The comment make me think that other fields of the file are derived from llvm-mc output, but they aren't according to "following steps".

(Not necessarily mentioned in the comment: llvm-readobj doesn't give hex pairs you can immediately use, but llvm-objcopy>(xxd -p) tmp.o /dev/null (>(..) is zsh syntax) does.)

14 ↗(On Diff #213987)

Nit: /* */ -> #

# is probably a bit easier to read.

4442 ↗(On Diff #213737)

Verified. || Obj->getHeader()->e_type == ELF::ET_CORE dumps "LINUX". This makes me think if we should use more specific Name == "CORE" || Name == "LINUX".

I think this should be sufficient. See Linux/fs/binfmt_elf{,_fdpic}.c, fill_note() is only called on "CORE" and "LINUX".

grimar added inline comments.Aug 8 2019, 2:33 AM
5556 ↗(On Diff #213737)

Looks fine, thanks.

rupprecht updated this revision to Diff 214440.Aug 9 2019, 1:25 PM
rupprecht marked 4 inline comments as done.
  • Split up type/description printing
  • Add printing for unknown note types
  • Clarify comment about generating section data
rupprecht added inline comments.Aug 9 2019, 1:25 PM
14 ↗(On Diff #213987)

I don't really have a preference, but this is consistent with all the other tests like this in this package.

4442 ↗(On Diff #213737)

I think it's safer to check for the ET_CORE since the name seems vendor/kernel specific.

Actually, there's a bigger issue... the conditional logic for printing types vs description data seems to be orthogonal, so I've gone ahead and split it up.
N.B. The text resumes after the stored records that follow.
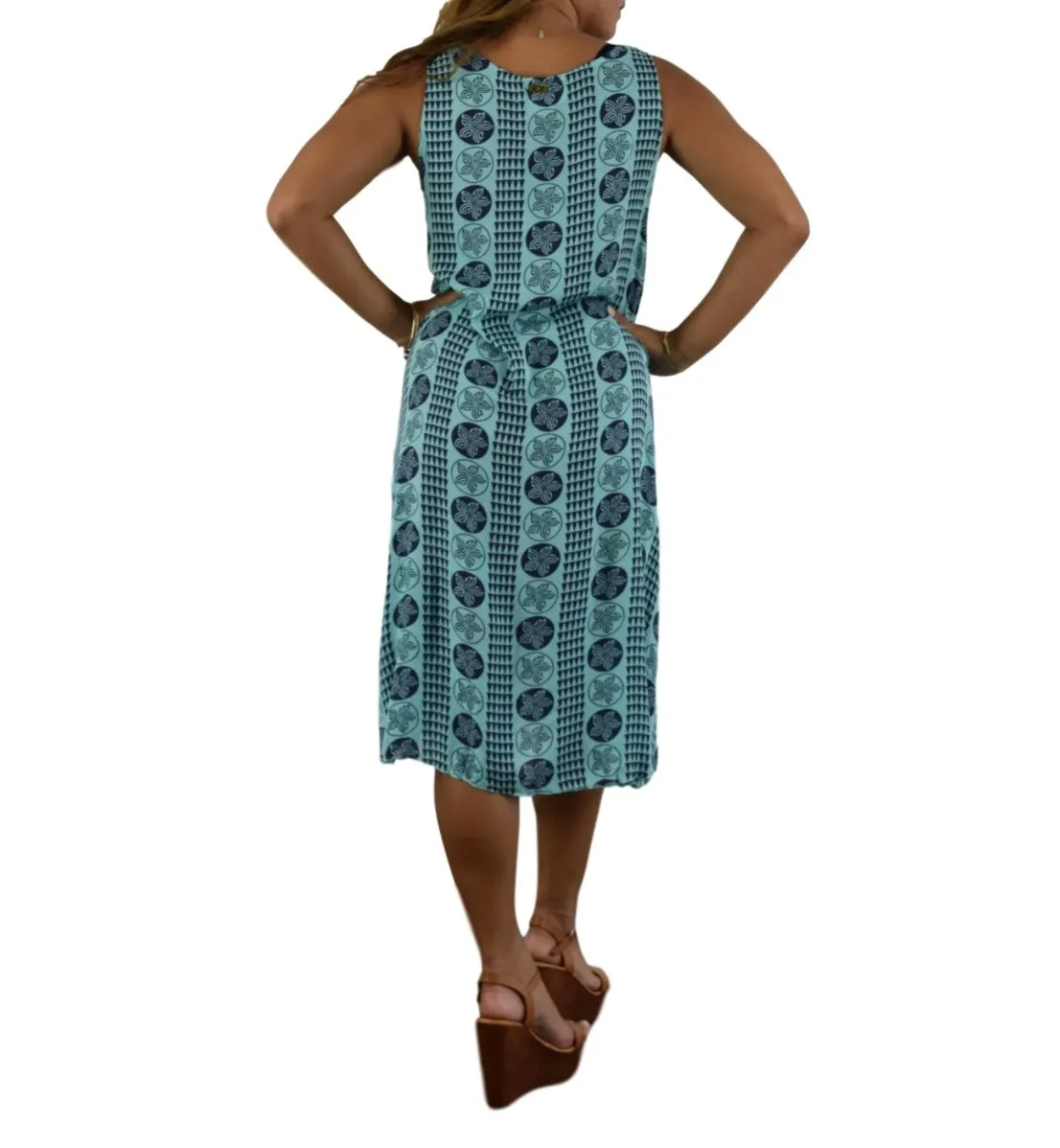 Hawaiian Plumeria Cabana Dress with Pockets (one size)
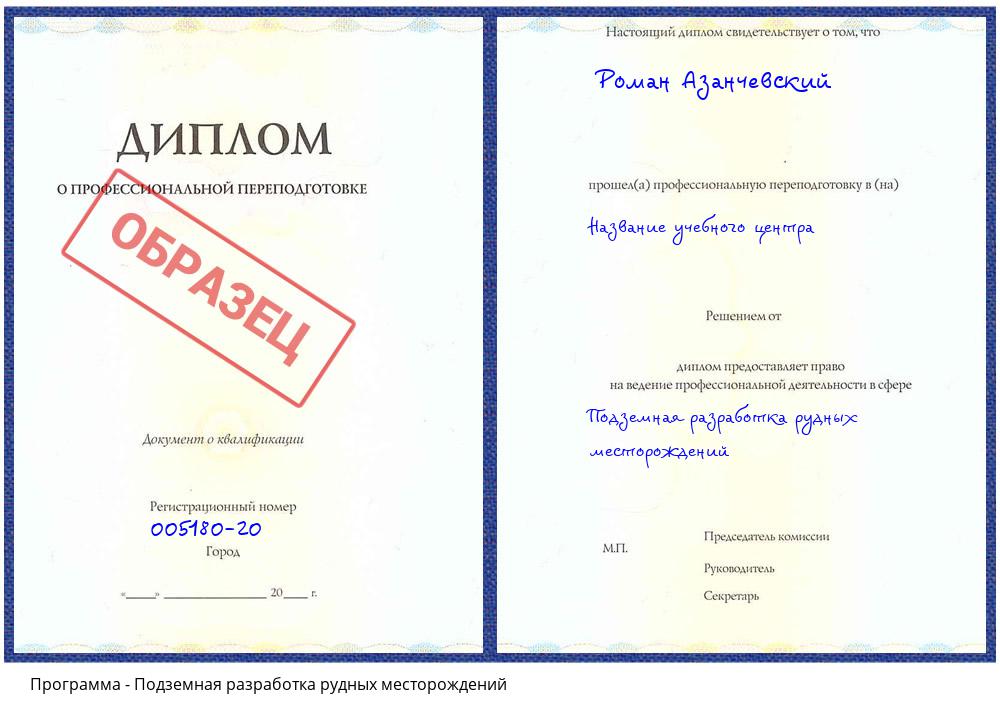 Подземная разработка рудных месторождений Рузаевка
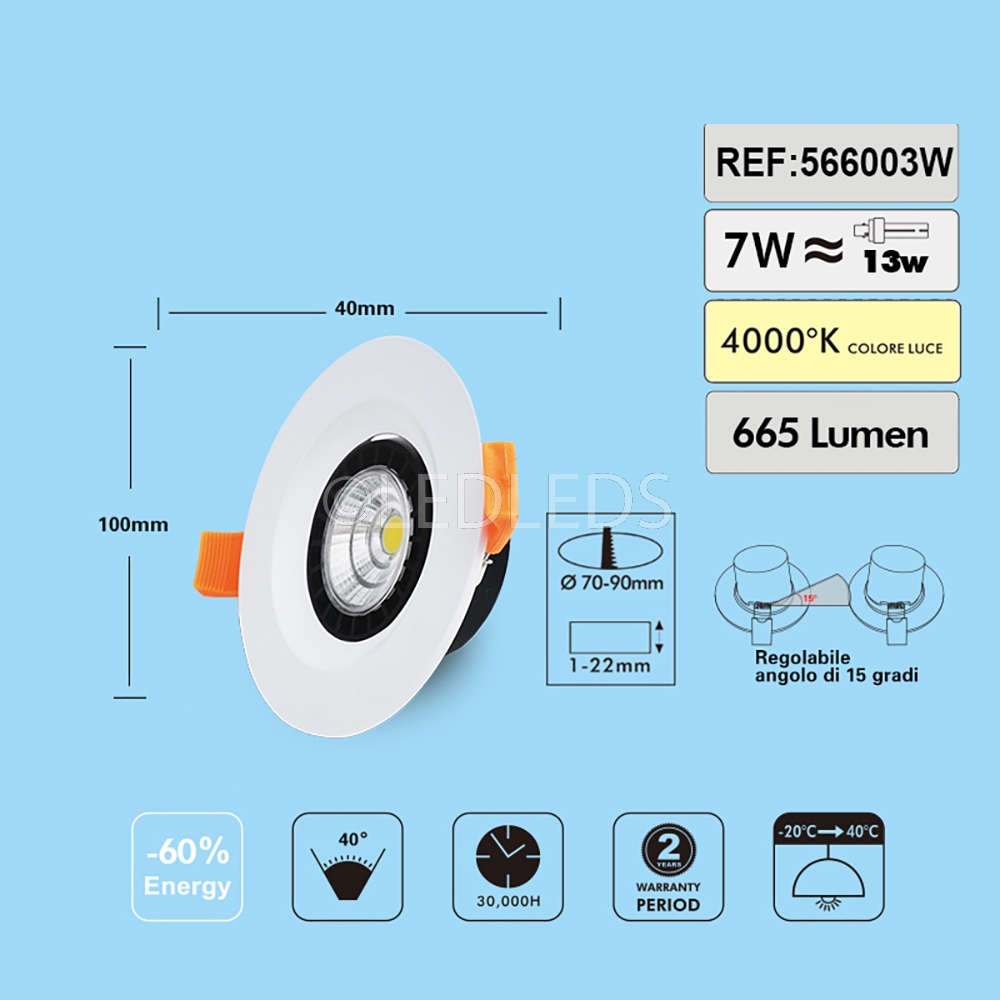 FARETTO BIANCO DA INCASSO COB 7W LED ROTONDO ORIENTABILE LUCE NATURALE 4000K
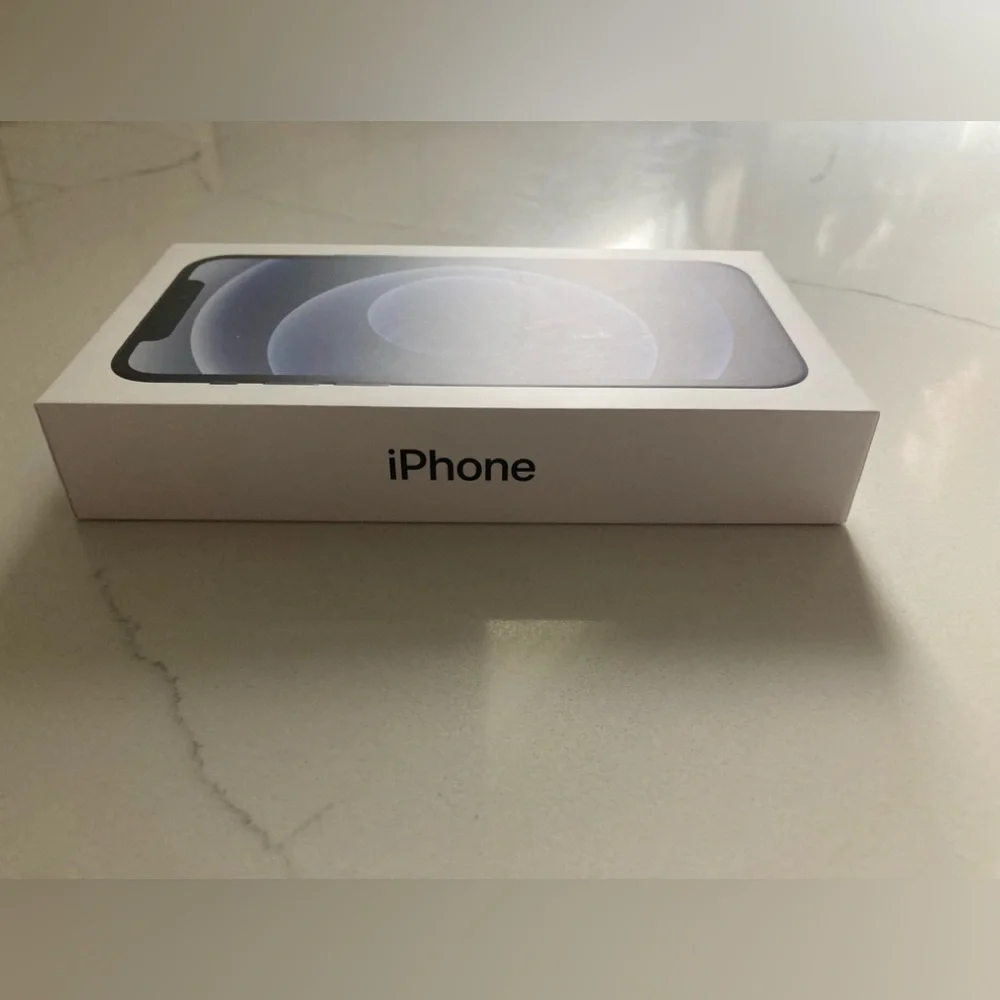 Apple iPhone 12 black 64GB product box and instructions
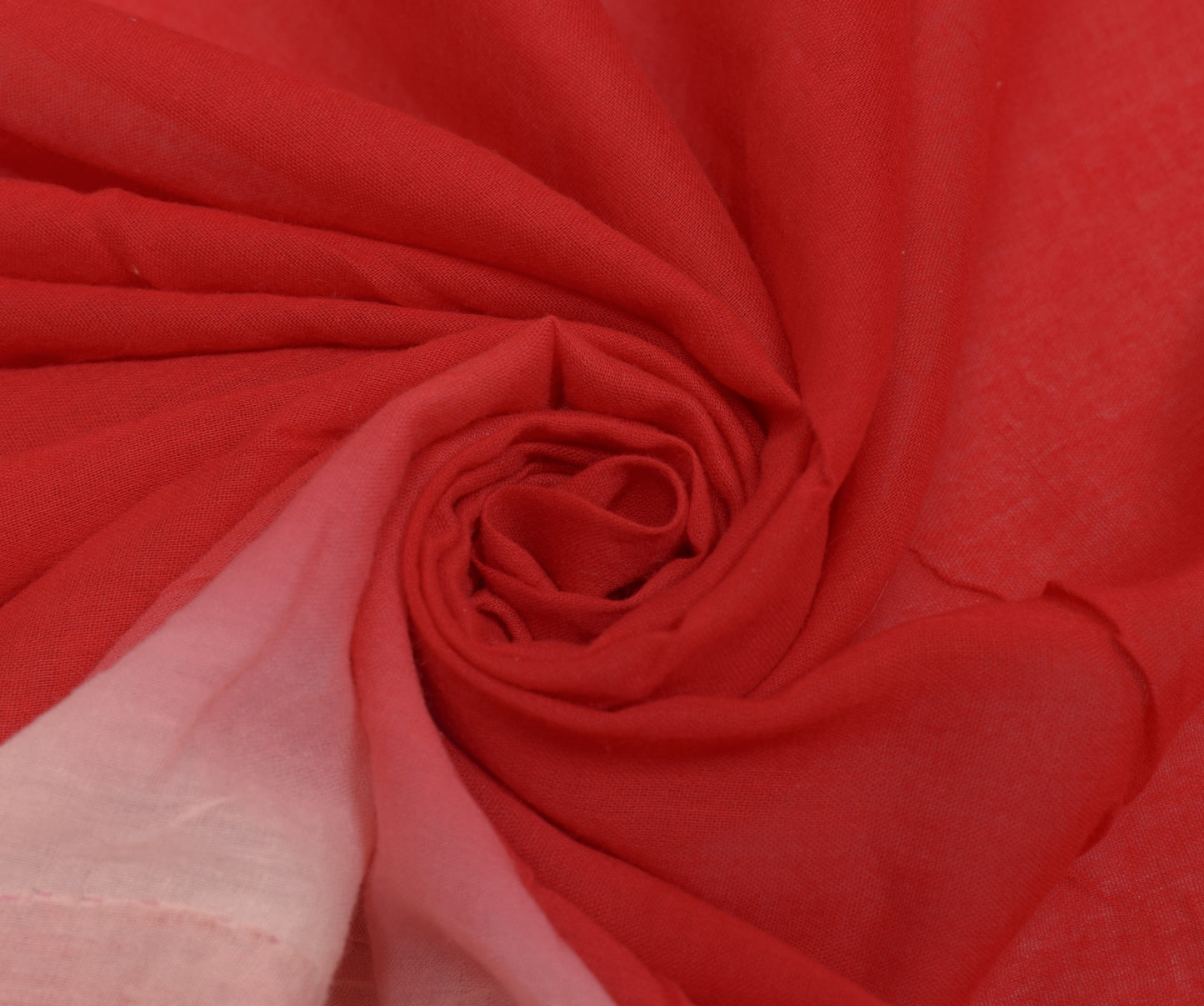 Sushila Vintage Red Saree 100% Pure Cotton Embroidered Floral Soft Sari Fabric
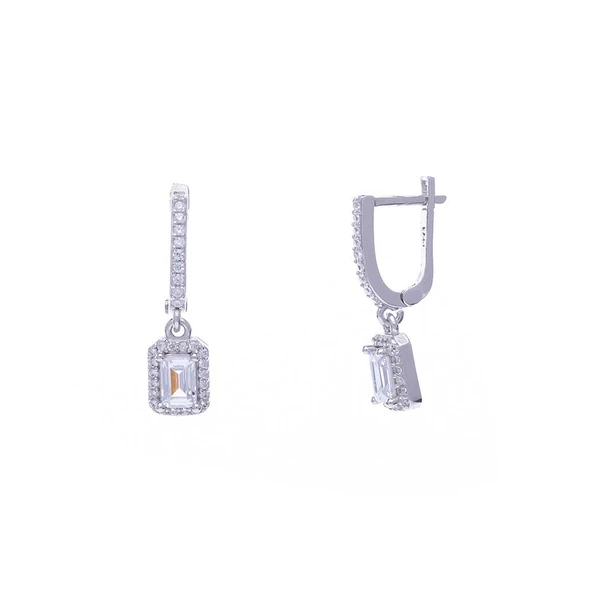 4-6 mm Baget Taşlı 925 Ayar Gümüş Kadın Takı Seti - 5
I've included my next (unmailed) patch for printing raw description bytes to show a stronger motivation, e.g. FreeBSD has custom note types defined (and so has a method to get those types), but goes through the fallback logic for printing raw bytes for the description. That's difficult/error prone to do with just one loop.

rupprecht updated this revision to Diff 214485.Aug 9 2019, 5:02 PM
  • Use DataExtractor instead of custom logic + remove some now unnecessary template use
alexshap added inline comments.Aug 11 2019, 7:39 AM
4420 ↗(On Diff #214485)

maybe const CoreNote &Note ?

rupprecht updated this revision to Diff 214642.Aug 12 2019, 8:43 AM
rupprecht marked an inline comment as done.
  • Use const for CoreNote param
rupprecht retitled this revision from [llvm-readelf] Implement NT_FILE core file parsing to [llvm-readelf] Implement note parsing for NT_FILE and unknown descriptors.Aug 12 2019, 12:08 PM
rupprecht edited the summary of this revision. (Show Details)
grimar accepted this revision.Aug 13 2019, 2:11 AM

LGTM. Please wait for other opinion(s) too.

30 ↗(On Diff #214642)

Please align:

Class:   ELFCLASS64
Type:    ET_CORE
Machine: EM_X86_64
34 ↗(On Diff #214642)

and here (and below).

This revision is now accepted and ready to land.Aug 13 2019, 2:11 AM
MaskRay accepted this revision.Aug 13 2019, 3:48 AM
This revision was automatically updated to reflect the committed changes.